Cumpre esclarecer que por meio de dois REs, a União recorreu de decisões que, na década de 1990, consideraram inconstitucional a lei que instituiu a Contribuição Social sobre o Lucro Líquido (CSLL) e deram a duas empresas o direito de não recolher o tributo. A União alegou, em síntese, que a cobrança do tributo poderia ser retomada, uma vez que em 2007 houve o julgamento da Ação Direta de Inconstitucionalidade (ADI) 15, em que o STF declarou a constitucionalidade da lei que instituiu a contribuição
Amenizando um pouco a situação, no julgamento do “RE 955227 (Tema 885) e RE 949297 (Tema 881), de relatoria dos ministros Luís Roberto Barroso e Edson Fachin, respectivamente, o colegiado, por maioria, também considerou que, como a situação é semelhante à criação de novo tributo, deve ser observada a irretroatividade, a anterioridade anual e a noventena ou, no caso das contribuições para a seguridade social, a anterioridade de 90 dias.”.
Consoante informado no portal do STF, “em relação ao marco temporal, prevaleceu o entendimento do ministro Barroso de que, a partir da fixação da posição do STF em ação direta de inconstitucionalidade ou em recurso extraordinário com repercussão geral, cessam os efeitos da decisão anterior.
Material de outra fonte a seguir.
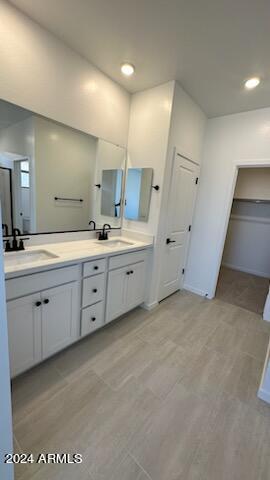 bathroom featuring hardwood / wood-style floors and vanity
Seguiram essa corrente os ministros Gilmar Mendes, André Mendonça, Alexandre de Moraes, e as ministras Cármen Lúcia e Rosa Weber (presidente).
O ministro Edson Fachin, que defendia a cessação dos efeitos a partir da publicação da ata desse julgamento, ficou vencido, juntamente com os ministros Ricardo Lewandowski, Nunes Marques, Luiz Fux e Dias Toffoli, que retificou o seu voto quanto ao marco temporal.”.
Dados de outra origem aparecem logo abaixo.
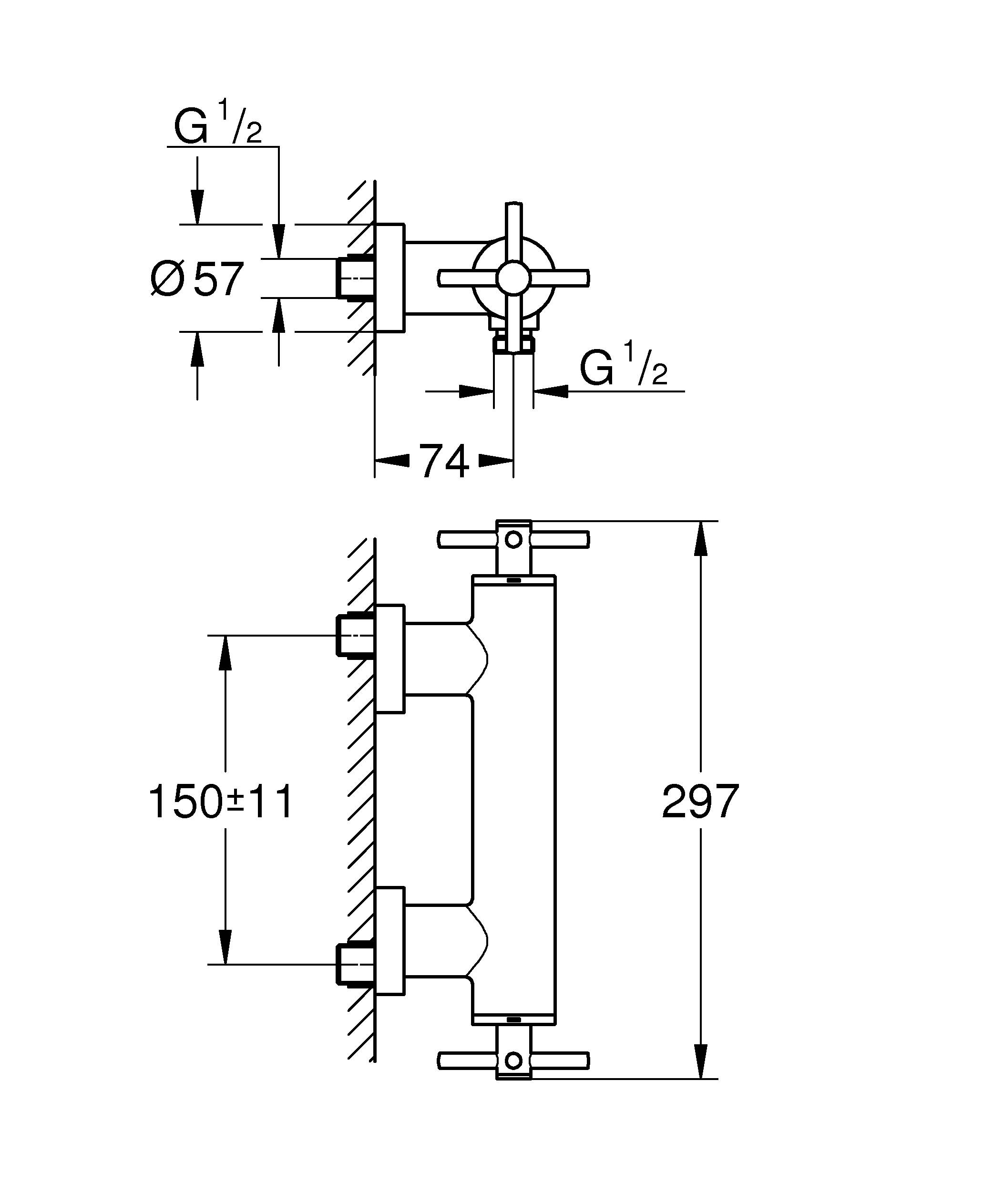 Смеситель для душа GROHE Atrio New, настенный монтаж, темный графит (26003AL3) - Вид №2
Assim foi fixada pelo STF a seguinte tese de repercussão geral:
“1. As decisões do STF em controle incidental de constitucionalidade, anteriores à instituição do regime de repercussão geral, não impactam automaticamente a coisa julgada que se tenha formado, mesmo nas relações jurídicas tributárias de trato sucessivo.
2. Já as decisões proferidas em ação direta ou em sede de repercussão geral interrompem automaticamente os efeitos temporais das decisões transitadas em julgado nas referidas relações, respeitadas a irretroatividade, a anterioridade anual e a noventena ou a anterioridade nonagesimal, conforme a natureza do tributo.”.
Sob o ponto de vista tributário, até entendo a posição STF sobre a incidência dos tributos nas obrigações de trato continuado. Minha preocupação, no entanto, é com a possibilidade de uma sentença transitada em julgado perder seus efeitos de forma imediata, sem a necessidade de uma ação rescisória, e fora do prazo previsto em lei para que se possa rescindir uma decisão definitiva. Isso é uma tremenda inovação, e se aplicada a outros julgamentos, em outros ramos do direito, pode gerar muitos problemas.
Gostei muito das palavras do Ministro Luiz Fux, no Sindicado de Contabilidade, proferidas em palestra no dia 10 de fevereiro. Como sempre ele foi preciso e direto ao ponto:
“Nós tivemos uma decisão que destruiu a coisa julgada. Chegamos a uma decisão que criou a maior surpresa fiscal para os contribuintes. Nós tivemos uma decisão com risco sistêmico absurdo, porque foi uma decisão genérica que se aplica a todos os tributos. Não foi só uma decisão sobre o…o…. a Contribuição Social sobre o Lucro. Foi uma decisão que vai… ela vai pegar tributos, ela pode pegar coisa julgadas de todas as naturezas. Então aquilo me incomodou muito, porque eu tive uma formação muito sólida. E nessa formação sólida sempre se dizia que na catedral do direito, no altar-mor está a coisa julgada. Porque a coisa julgada ela não tem compromisso com a justiça ou com a verdade. A coisa julgada tem compromisso com a estabilidade e a segurança social. Num dia tem de ter uma decisão definitiva. Agora se a gente relativiza a coisa julgada, vale a segunda, e não vale a primeira, por que não a terceira? E a quarta e quinta? E quando é que nós vamos ter a segurança jurídica?”